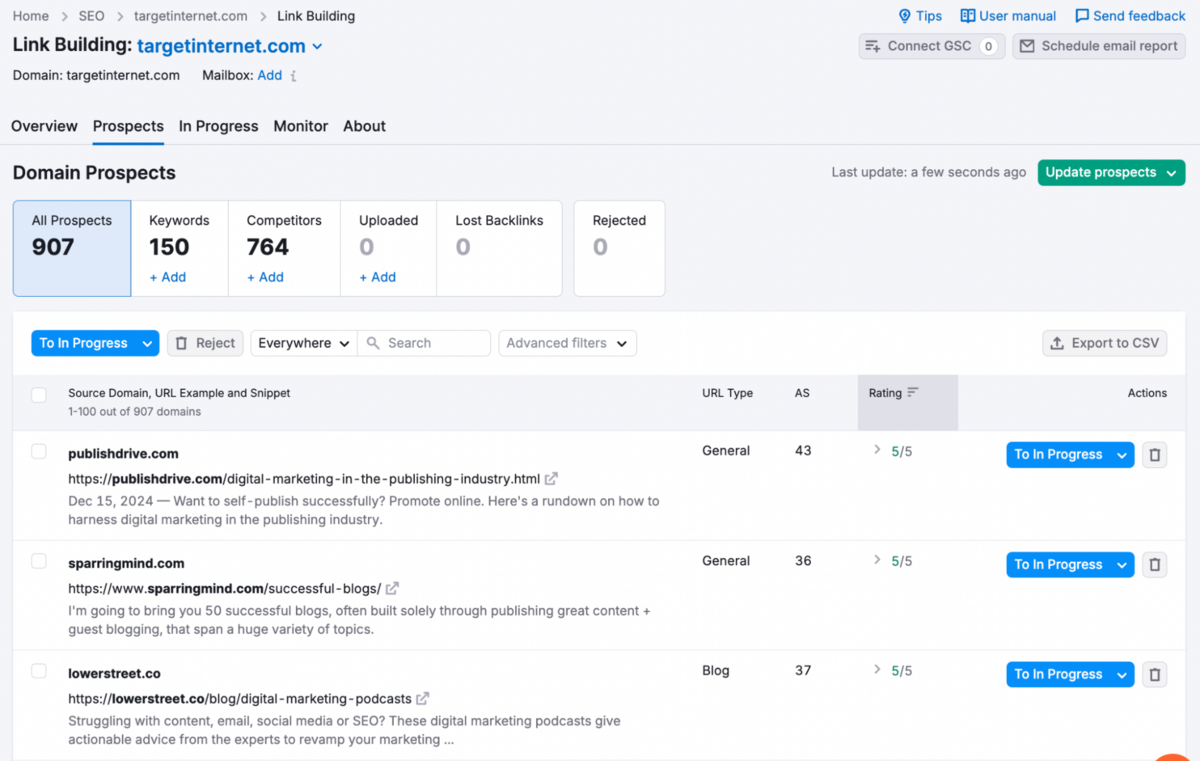 Semrush - Link Building Tool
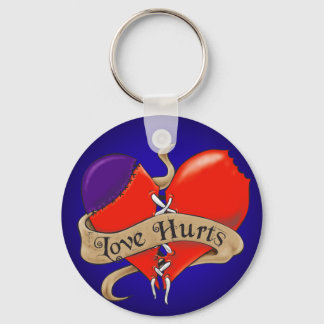 Love HurtscButton Key Ring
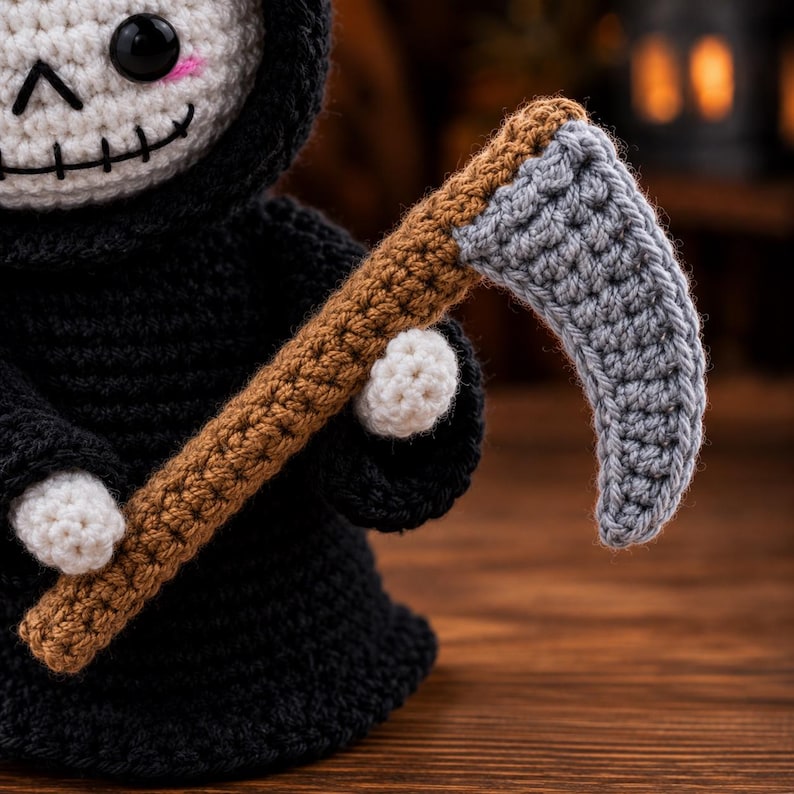 May include: A crocheted figure of a grim reaper wearing a black hooded robe with white hands and a white skull face featuring black eyes, a stitched mouth, and pink cheeks. The figure holds a crocheted scythe with a brown handle and a gray blade.
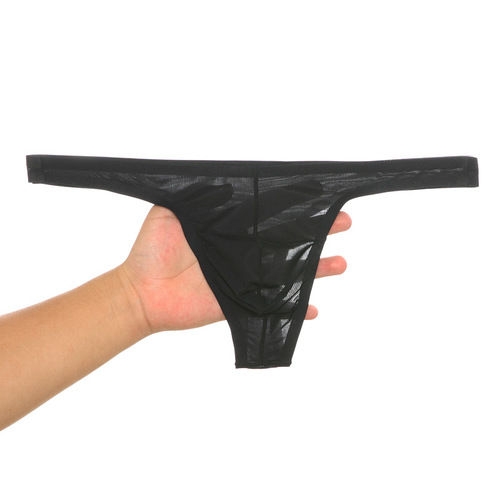 Manufacturer wholesale men's seamless thong thin Japanese style simple translucent U protruding buttocks breathable underwear export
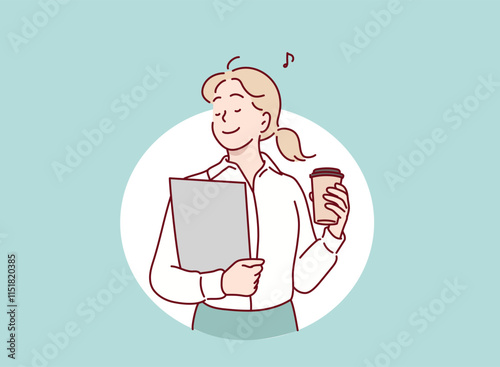 A woman happily heading to work while holding a takeout coffee. Hand drawn style vector design illustrations.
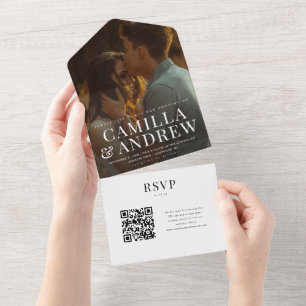 Modern Photo Elegant Stylish RSVP Wedding All In One Invitation
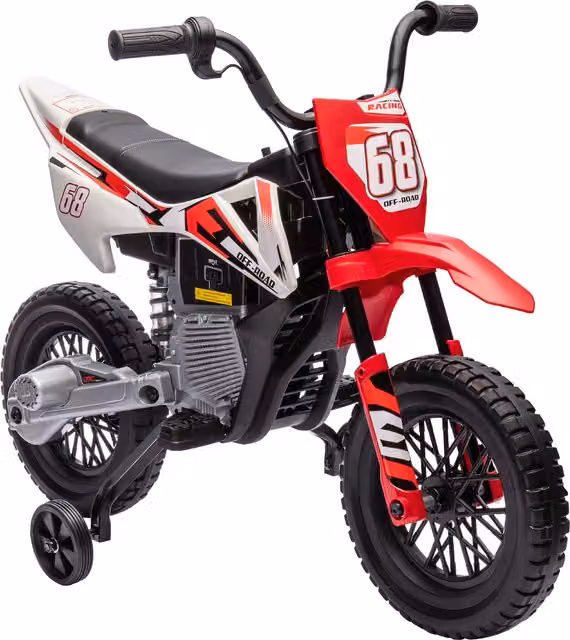 Moto Elettrica per Bambini AIYAPLAY con Luci, Suoni e Indicatore di Carica, Rosso, L/P/H: 107 x 56 x 70 cm – 1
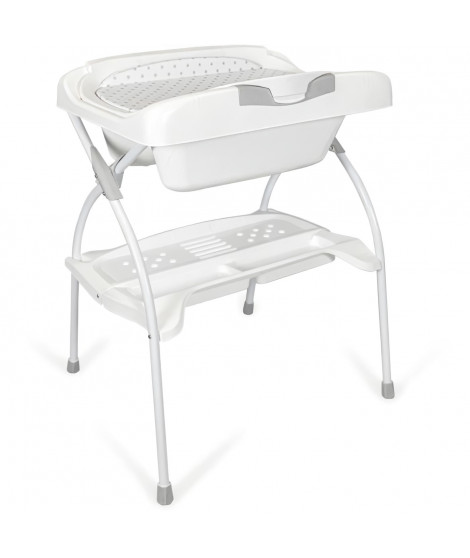 Table a langer pliante ELIOS avec baignoire ergonomique 2 en 1 - Matiere PVC  - Etoile grise - BABYLAND / made in Italia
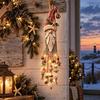 Coastal Style Christmas Window Light Santa Wooden Wall Hanging, LED Lighted Ornament with Rustic Ocean Flair Holiday Seashell, Starfish &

ASSIGNMENT: In the listing above, find the line containing "Manufacturer wholesale men's" and the line containing "Modern Photo Elegant", then return both of them and every line between, exactly, without pictures.

RESPONSE TO THIS TASK:
 Manufacturer wholesale men's seamless thong thin Japanese style simple translucent U protruding buttocks breathable underwear export
 A woman happily heading to work while holding a takeout coffee. Hand drawn style vector design illustrations.
 Modern Photo Elegant Stylish RSVP Wedding All In One Invitation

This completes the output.